By KEVIN WALKER
LANSING, Mich. — Late last week Gov. Jennifer Granholm issued an executive order that combines the Department of Natural Resources (DNR) and the Department of Environmental Quality (DEQ) into a new Department of Natural Resources and Environment (DNRE).
“The Department of Natural Resources and Environment is a new department for the 21st century,” she said. “Experience has shown us that conserving natural resources and protecting the environment go hand-in-hand. These efforts now will be coordinated under one department.”
Unless it is overridden by the legislature, the order will take effect Jan. 17, 2010. A DNRE director will be appointed by the governor. Former mayor of Marshall, Mich., Bruce Rasher has been named as interim manager of the department until a new director takes over in January. Rasher used to work at Consumers Energy and is presently an executive at CB Richard Ellis.
Although the order doesn’t combine the state Department of Agriculture (MDA), several provisions of it will affect the department. The order will give the governor the authority to appoint the director; currently the director is employed by a bipartisan commission.
According to the Michigan Farm Bureau (MFB), the power of the Agriculture Commission would be taken away. For example, revisions to the Generally Accepted Agriculture and Management Practices – which are part of Michigan’s Right to Farm Act – would be placed in the hands of the director, but the director would no longer be answerable to the Agriculture Commission.
Tonia Ritter, state governmental affairs manager for the MFB, said it is opposed to the new arrangement.
“The commission has direct contact with agriculture,” Ritter said. “There are four individuals on the commission that are involved in production agriculture or the food system. They have oftentimes been on the receiving end of services from the department. It offers an opportunity for debate on the issue. It would remove the accountability of the director to the commission.
“For 44 years we’ve had this system in place.
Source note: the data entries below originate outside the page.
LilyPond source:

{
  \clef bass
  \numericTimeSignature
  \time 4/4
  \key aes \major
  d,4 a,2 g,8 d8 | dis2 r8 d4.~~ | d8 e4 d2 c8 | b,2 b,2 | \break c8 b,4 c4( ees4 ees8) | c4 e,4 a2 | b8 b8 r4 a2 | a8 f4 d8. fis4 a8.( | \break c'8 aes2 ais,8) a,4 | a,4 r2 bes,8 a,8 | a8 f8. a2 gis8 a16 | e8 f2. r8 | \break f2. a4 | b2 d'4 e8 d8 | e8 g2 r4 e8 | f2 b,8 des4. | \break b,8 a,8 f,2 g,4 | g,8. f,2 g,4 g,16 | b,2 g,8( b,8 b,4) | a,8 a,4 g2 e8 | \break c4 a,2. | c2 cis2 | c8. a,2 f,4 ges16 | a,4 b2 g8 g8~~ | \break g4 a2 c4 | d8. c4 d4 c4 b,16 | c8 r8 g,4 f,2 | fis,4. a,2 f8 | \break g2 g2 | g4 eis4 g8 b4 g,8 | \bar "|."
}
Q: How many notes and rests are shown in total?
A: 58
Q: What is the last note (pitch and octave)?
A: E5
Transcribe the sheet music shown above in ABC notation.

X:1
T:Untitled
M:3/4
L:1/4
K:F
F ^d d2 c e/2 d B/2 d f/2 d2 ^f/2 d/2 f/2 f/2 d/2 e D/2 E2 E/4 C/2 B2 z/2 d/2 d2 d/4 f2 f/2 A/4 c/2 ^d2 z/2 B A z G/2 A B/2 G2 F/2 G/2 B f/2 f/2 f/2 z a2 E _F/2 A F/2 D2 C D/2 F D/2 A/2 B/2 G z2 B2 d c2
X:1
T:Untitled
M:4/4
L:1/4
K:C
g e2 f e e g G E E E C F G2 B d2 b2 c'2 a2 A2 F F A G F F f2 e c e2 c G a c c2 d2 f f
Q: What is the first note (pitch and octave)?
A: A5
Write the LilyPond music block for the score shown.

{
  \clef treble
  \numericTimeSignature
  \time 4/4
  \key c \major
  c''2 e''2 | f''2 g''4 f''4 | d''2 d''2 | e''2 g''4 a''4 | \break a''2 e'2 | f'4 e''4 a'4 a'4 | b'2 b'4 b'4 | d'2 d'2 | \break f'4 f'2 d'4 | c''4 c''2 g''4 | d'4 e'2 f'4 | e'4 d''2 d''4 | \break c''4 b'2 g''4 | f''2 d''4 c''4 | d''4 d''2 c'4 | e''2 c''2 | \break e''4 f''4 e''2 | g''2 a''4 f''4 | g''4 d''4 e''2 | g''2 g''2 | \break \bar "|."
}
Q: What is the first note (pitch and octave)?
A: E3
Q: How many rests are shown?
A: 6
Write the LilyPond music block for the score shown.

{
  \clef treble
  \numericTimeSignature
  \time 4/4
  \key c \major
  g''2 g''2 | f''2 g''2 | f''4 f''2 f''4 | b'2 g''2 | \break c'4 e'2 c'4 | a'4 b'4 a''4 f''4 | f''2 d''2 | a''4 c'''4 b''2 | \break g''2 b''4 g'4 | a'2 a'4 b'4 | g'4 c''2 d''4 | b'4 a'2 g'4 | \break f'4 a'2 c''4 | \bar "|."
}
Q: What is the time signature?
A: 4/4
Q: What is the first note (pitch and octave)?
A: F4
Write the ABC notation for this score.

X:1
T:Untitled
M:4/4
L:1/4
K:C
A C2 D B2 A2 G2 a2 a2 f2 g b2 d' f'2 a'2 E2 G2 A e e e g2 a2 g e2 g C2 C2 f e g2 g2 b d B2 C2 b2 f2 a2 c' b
Frankly, we believe it removes the transparency of the policy decisions that the department makes.”
The MFB is also opposed to changes the governor wants to make with the Natural Resources Commission, which currently hires the director of the DNR. Ritter said this commission would retain its authority over wildlife management, but would no longer hire the director of the DNR or DNRE.
The Farm Bureau would also like a system in which the DEQ director is employed by a commission system, Ritter said. Currently that position is answerable to the governor.
Liz Boyd, press secretary for the governor, had this to say about the change in who appoints the MDA director:
“Ultimately the citizens turn to the governor even though the governor doesn’t appoint the agriculture director. I wonder how many people really know that the governor doesn’t appoint the agriculture director. It’s really about matching up perception with reality.”
The order would also transfer the regulation of horse racing from the Office of Racing Commissioner (ORC), which is a part of the MDA, to the Michigan Gaming Control Board. The ORC and the position of racing commissioner would be abolished.
The Michigan Gaming Control Board’s executive director would perform the function of racing commissioner, under the new arrangement.
The order would abolish three agricultural entities: the Agricultural Preservation Fund Board, the Michigan Family Farm Development Authority and the Pesticide Advisory Committee. Those groups’ functions would be transferred directly to the MDA.
A spokesman for state Rep. Mike Simpson (D-Jackson), chairman of the House agriculture committee, said “they’re going to look to override” the executive order because of the changes affecting agriculture. A simple majority in each chamber of the legislature is needed to override an executive order.
“We know there are concerns among many legislators about the executive order,” Ritter said.
She noted many are concerned about it from an agricultural standpoint, while others have concerns about some aspects of the DNR-DEQ merger.